This hike is a fairly easy 15-km loop that starts from the Barrier Dam parking lot. It is suitable for those looking for a half-day hike who are willing to drive about 15 minutes from Kananaskis Village. (On a bike, I would classify this as a third of a day). The trail is gentle with gradual elevation gain—300 m over 8 km.
To access the trailhead from Kananaskis Village, head back out to Highway 40 and go left (south) towards the Trans-Canada Highway. After about 15 minutes you’ll reach a sign that says Barrier Lake. Keep driving and turn at Barrier Dam, another few minutes down the road.
There are 11 switchbacks (count ’em) through the trees to the ridge.
The trail starts around the dam on the flat gravel path that circumnavigates the lake. At the other side of the lake, there’s a path that leads into the wilderness (AKA trees). Take it all the way (seriously, this feels like it goes on forever) under the power lines, through the meadow past the first intersection and sign to the second one where the path crosses Stoney Trail (you’ll see a green sign post). Turn right, then take a pretty quick left that leads up the mountain.
There are 11 switchbacks (count ’em) through the trees to the ridge. Many paths shortcut the trail, but they’re steep and not well packed, so can be extremely slippery; I do not recommend these. There is also a path that leads off into nothingness on the right side of the trail; don’t take it.
The trail continues and becomes a bit steeper, but that doesn’t last very long. You’ll hit a small, open resting spot where you can see mountains ahead and the lake beside you. The high point of the trail is a rocky outcrop with an awesome view back toward Barrier Lake and Mount Baldy. You can identify this point by the massive white metal square in the trees behind (I have no idea what it is).
This is the turnaround point for most people, as well as where Jewell Pass connects to Prairie View trail. However, if you want to keep hikingr to the lookout, it’s only another kilometre or so and 125 m elevation gain. Continue on the path to the right of the rock outcrop (if you came up Prairie View).
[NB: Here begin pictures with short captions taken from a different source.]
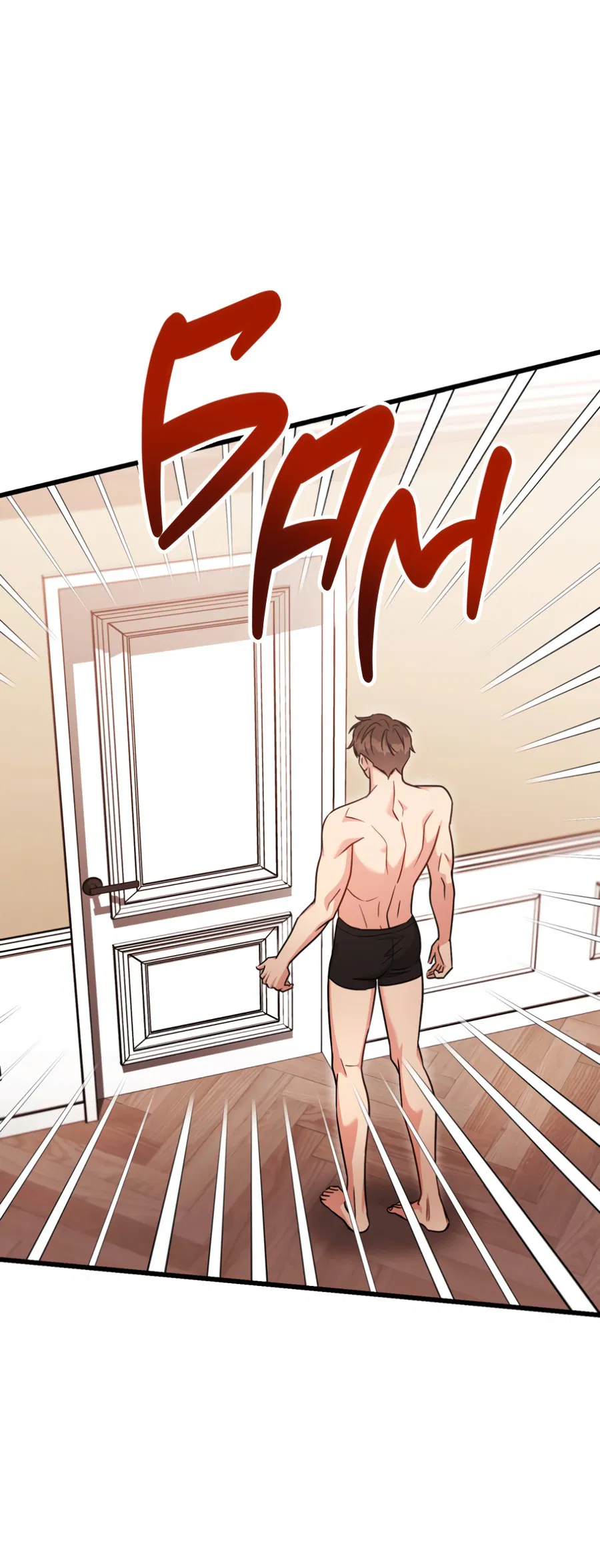 Манга Эффект плацебо - Глава 60 Страница 30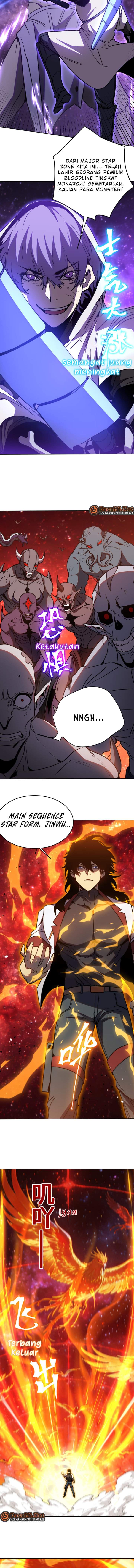 Leveling In The Future Chap 304 - Next Chap 305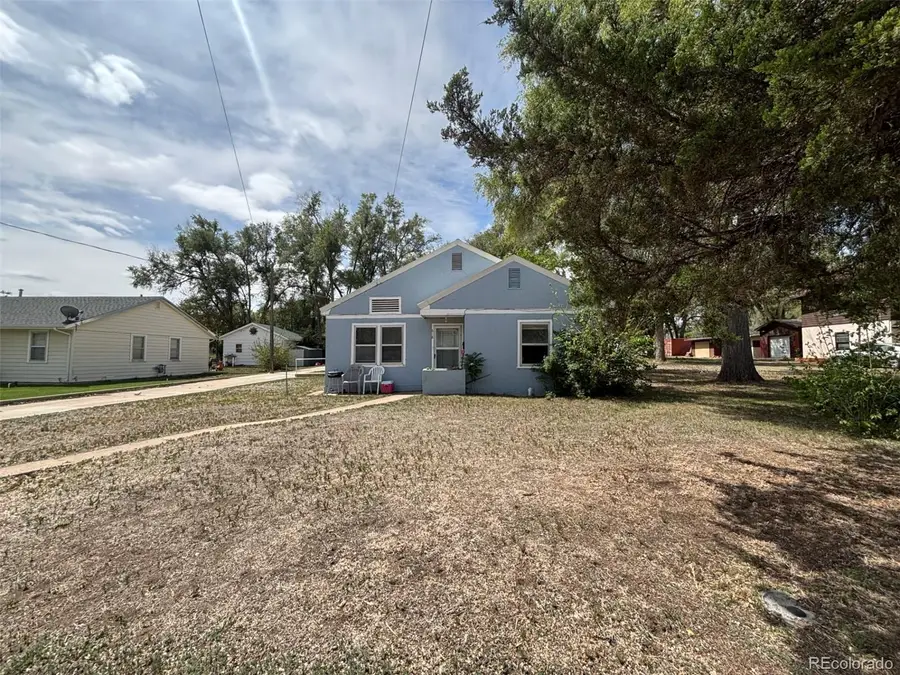 618 Willow Avenue, Rocky Ford, CO 81067 - #2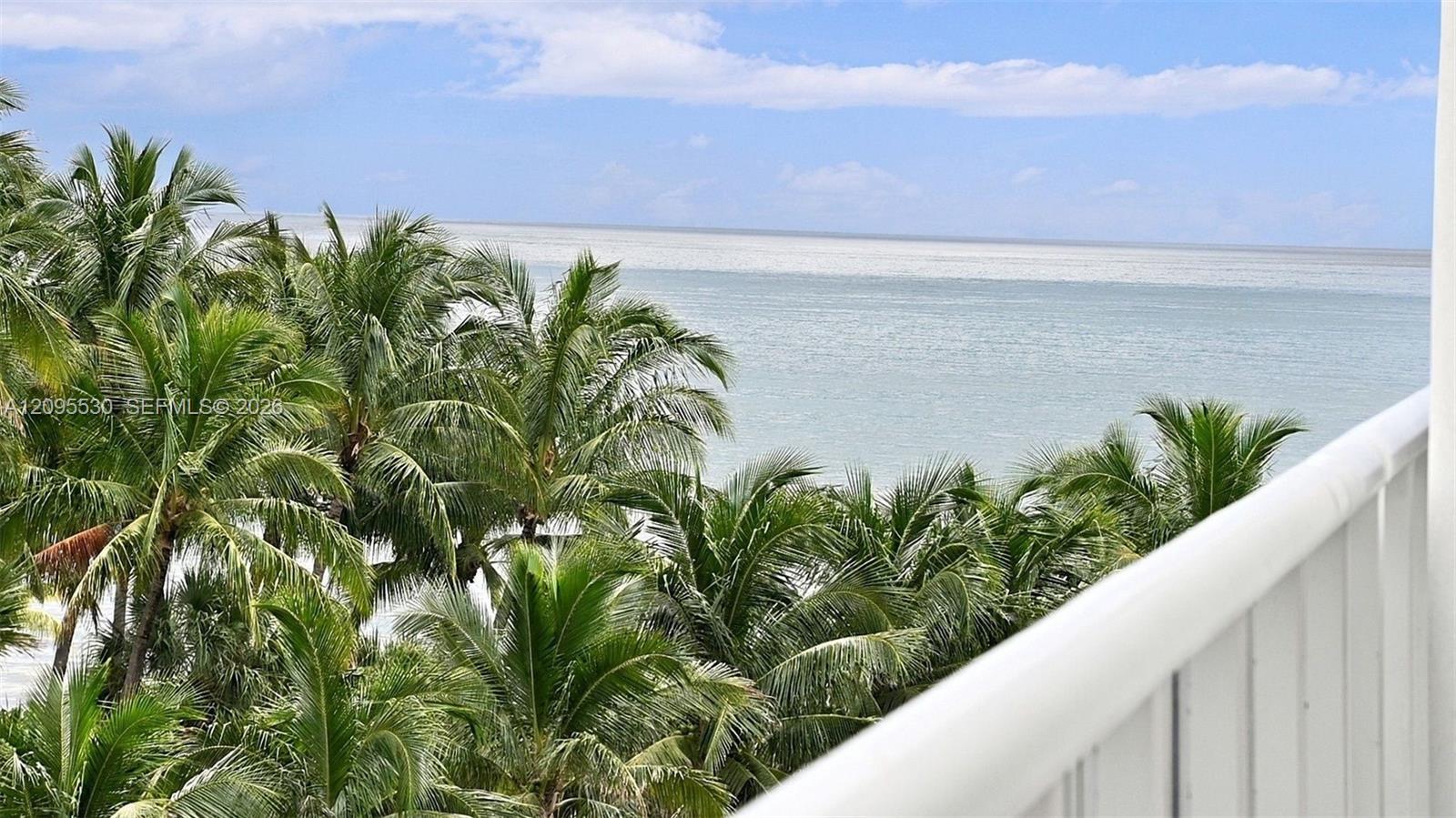 9601 Collins Ave # 601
The trail begins indistinctly, but becomes apparent further on. This section is considerably steeper than the first, as well as narrower and less clear, but is short and definitely doable. You may have to climb over rock slabs. As you get closer to the summit you’ll begin to see over the other side of the ridge. Mount Yamnuska, the highway, rolling prairies and even the cement plant come into view and make a great photo opportunity.
Enjoy a 360⁰ view of the mountains, lake and beautiful scenery in every direction.
You’ll pass some signs along the way that say “No firing guns” “Private residence ahead” and fun things like that. At the top is a small building where the fire lookout monitor lives, so please be respectful. There are multiple structures including a helipad that you can wander around.
Enjoy a 360⁰ view of the mountains, lake and beautiful scenery in every direction. If you’re lucky you’ll meet the cute dog who lives with the current fire lookout monitor.
Heading back down the same way you came up, you can choose to take the same trail back or venture down Jewell Pass. I didn’t take Jewell Pass because a couple I ran into told me they had spotted a bear (bring your bear spray!) and being a lone hiker, I decided not to risk it.
If you’ve made it down to Barrier Lake early enough (before 5 and on the weekend), you can drive back to the Barrier Lake turnoff and enjoy one of our boat rentals—canoe, kayak or SUP. If it’s too late or you’re just exhausted, go back to the lake and relax on the beach as you admire the scenery.